Ten days into the FMLN guerrilla offensive, chaos reigned in San Salvador, the capital of El Salvador. Few anticipated that the offensive would last this long. The US-backed government maintained control of the airspace. It used it to attack the insurgents while also terrorizing the civilian population, most of whom resided in impoverished neighborhoods and shantytowns. The fragile houses in these areas, with their corrugated aluminum roofs, were easily penetrated by even simple rifle fire, providing no protection from the "death from above" delivered by planes and helicopters equipped with miniguns, rockets, and 500-pound bombs.

Any inhabitant of any barrio who had witnessed their neighbors being killed by a Salvadoran government airborne attack would think twice about “sheltering in place.” After such an attack, they would likely gather what was left of their families - and, under cover of hastily made white flags held aloft, flee to safety – somewhere – anywhere.
As a result, the strategy of the FMLN had to evolve or fizzle out. El Choco, a mid-level rebel commander, explained that the decision to withdraw from the poorer neighborhoods was intentional. He stated, “We are in the affluent neighborhood of Escalón today to see if the Air Force will do here what they did to the people when they bombed the poorer areas.”
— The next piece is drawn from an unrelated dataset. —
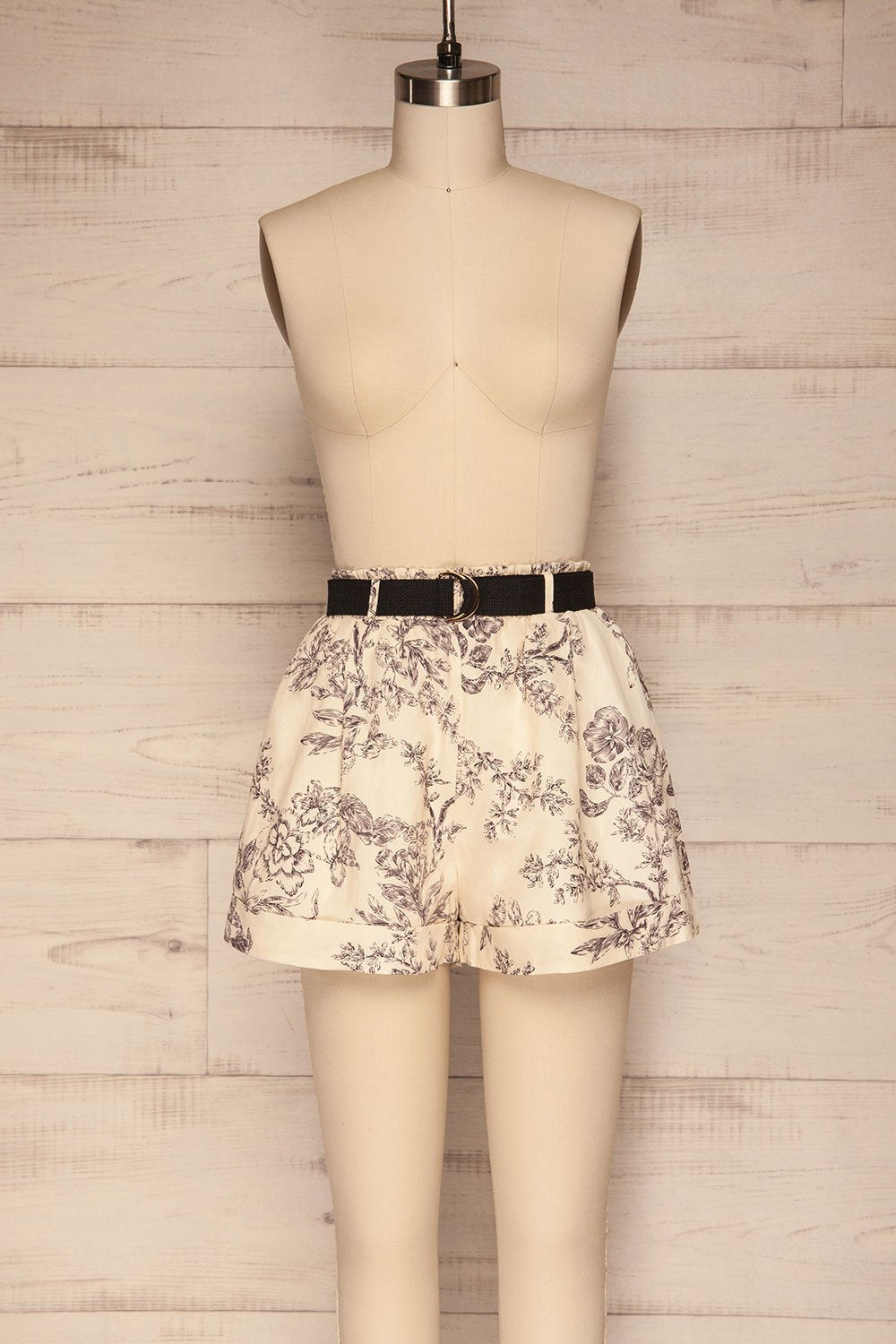 Tabitha Off-White Black Floral Shorts | La petite garçonne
The guerrillas were now moving into the wealthier parts of the city, particularly in the Escalón and San Benito neighborhoods, which extend across the hills and ravines leading up to the San Salvador volcano. Since the upper class, allied with the military, owned these expensive properties, air attacks would likely be severely restricted. Even if such attacks did occur, the homes of the wealthy were constructed much more sturdily and more resistant to attack.
In addition, residents of the wealthier neighborhoods typically employed maids—sometimes several in a single household. These maids most often came from poorer backgrounds and frequently sympathized with, or even supported, the guerrillas, who were often their relatives.

Another benefit emerged from this situation. When guerrillas occupied properties owned by upper-class residents, it often led to conversations between the captured individuals and the guerrillas, who now shared a common enemy: the Armed Forces (ESAF), which, even if it didn’t bomb, was always threatening to do so. This scenario began to foster a shift in mentality amongst the wealthier classes, one that started to seek a peaceful resolution.
Into this turbulent scene entered a Brazilian diplomat based in Washington, DC. The white-haired and dignified-looking OAS Secretary General Joao Baena Soares had come to El Salvador hoping to arrange a ceasefire. He and his entourage had been staying at the main building of the Sheraton Hotel in the Escalón District. Perhaps unbeknownst at first to the visitors, Escalón was now also the temporary home of many members of various FMLN organizations—now hiding out in residential houses and often controlling whole blocks near the hotel.
Just a few hundred feet from the main Sheraton hotel, where Baena Soares was staying, there was a smaller, more isolated six-story building known as the "VIP Tower Annex." The upper floors of this building provided a sweeping view of the surrounding area. In any conflict, controlling elevated positions is crucial, and this made it an ideal location to station a platoon of FMLN guerrillas equipped with at least one Dragunov sniper rifle.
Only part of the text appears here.